Mit Blick auf das anstehende Spiel gegen die Freiburger (Sonntag, 15.30 Uhr/DAZN) zollte Schmidt dem Gegner großes Lob. "Chapeau, was der SC Freiburg da gerade auf die Beine stellt, schon seit Wochen, Monaten. Auch in der Saison kann man nur gratulieren bis hierhin. Da hat man viel richtig gemacht", sagte er. Der Einzug der Breisgauer ins Halbfinale der Europa League habe "nochmal das bestätigt, was wir ohnehin schon von den Freiburgern wussten: Dass sie da sehr stabil sind, in ihrem Tun und Handeln."

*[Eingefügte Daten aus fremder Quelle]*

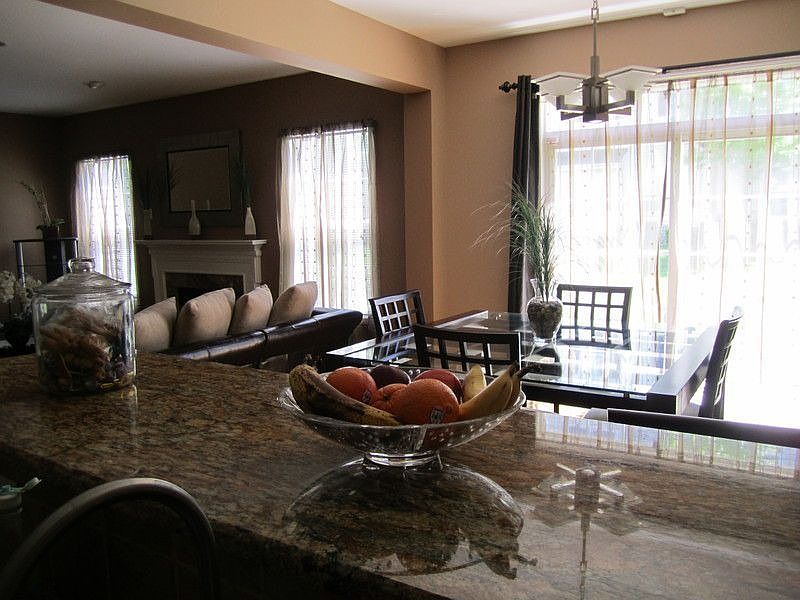 2nd image of 174 Winchester Ct #272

Für seine Mannschaft, die bei noch fünf ausstehenden Spielen als Tabellenletzter sechs Punkte Rückstand auf den Relegationsplatz hat, ändere sich damit nichts, ergänzte Schmidt: "Wie so oft ist es für uns eine Aufgabe, die es in sich hat und die man erstmal lösen muss." Immerhin aber habe seine Mannschaft mit fünf Punkten aus den vergangenen drei Spielen und dem Sieg gegen Union Berlin (3:1) "einen guten Weg eingeschlagen, was uns ermöglicht hat, die Spiele eng zu gestalten, offen zu gestalten und dann auch was mitzunehmen".